January 14, 2010
Contracts usually include “Disputes” provisions governing how disputes will be resolved. The most common dispute processes are litigation, arbitration and/or mediation. Understanding the differences between these processes and the many options available in drafting dispute provisions allows a business to better negotiate contract terms, and to tailor these provisions so that they fit the company’s business needs.
Many business owners are familiar with litigation. One party hires an attorney who files a lawsuit requiring the other party to defend the lawsuit. Litigation is the “default” dispute resolution forum if the parties to a contract fail to specify another form of dispute resolution. Typically, litigation is expensive, emotionally draining, unpredictable, and can be a lengthy process.

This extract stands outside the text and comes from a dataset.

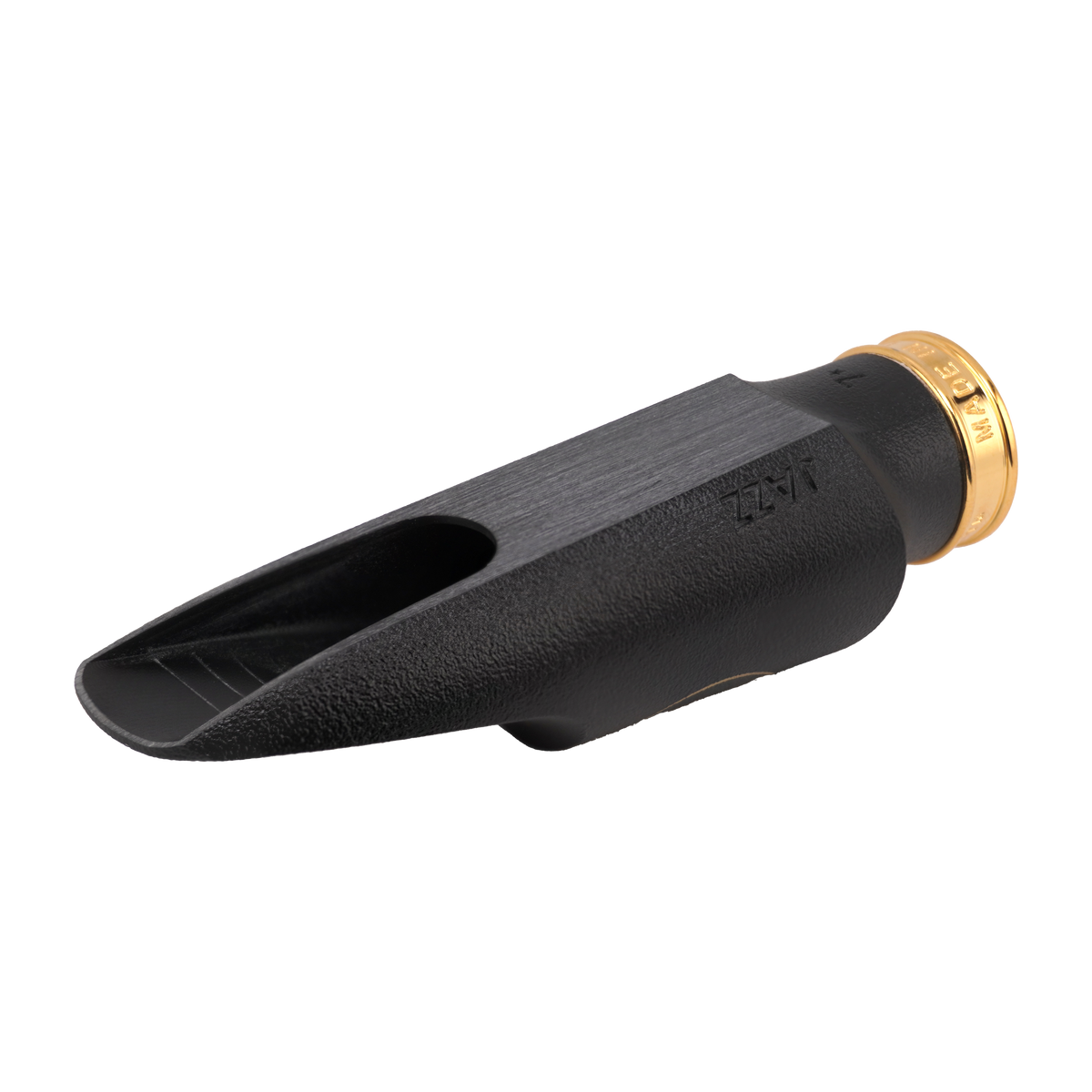 ESSENTIALS Collection: Jazz Tenor Saxophone Mouthpiece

The outcome is determined once the judge or jury decides who is right and who is wrong, and that initial judgment can be appealed which prolongs finality.
Arbitration and mediation are alternatives to litigation and employ a neutral third party to resolve the dispute. Typically, mediation is a non-binding procedure where the neutral mediator analyzes the strengths and weaknesses of each party’s position and, using shuttle diplomacy, helps to facilitate a settlement. The mediator cannot impose a result on the parties; rather, the parties must voluntarily agree to enter into a settlement agreement on some, or all of the issues. In contrast, arbitration is usually a binding procedure whereby the parties agree in advance that disputes will be referred to and resolved by, one or more arbitrators, who, similar to a judge, hears the case and renders a final award.
Mediation can be used as a preliminary alternative dispute resolution process, whether the parties litigate or agree to arbitrate. Many contracts (and courts) require that the parties mediate. Given that it is likely the parties will mediate without regard to whether they arbitrate or litigate, the remaining question in negotiating and drafting dispute clauses is whether to litigate or arbitrate.
Generally, some of the advantages of arbitration include: the ability to tailor the arbitration clause to fit your company’s business needs, savings of time and cost, obtaining hearings at convenient times, confidentiality in the process, limited discovery, reduced attorney fees, a faster final resolution, and allowing the parties to mutually choose an arbitrator with experience in the subject matter. The main disadvantages of arbitration are filing and arbitrator fees, and limited rights to appeal. Other complaints about arbitration include the possible lack of reasoning included in the final award and a perception that arbitrators often “split the baby” by arriving at an outcome somewhere in the middle.
Prior to negotiating and drafting any contract, a party to a contract is well-advised to discuss the types of disputes that are likely to occur and what will be important to your company during that process. It is prudent to discuss with legal counsel your options regarding the drafting of a dispute resolution clause most advantageous to your company’s business needs early in the contract process, rather than after the dispute has occurred.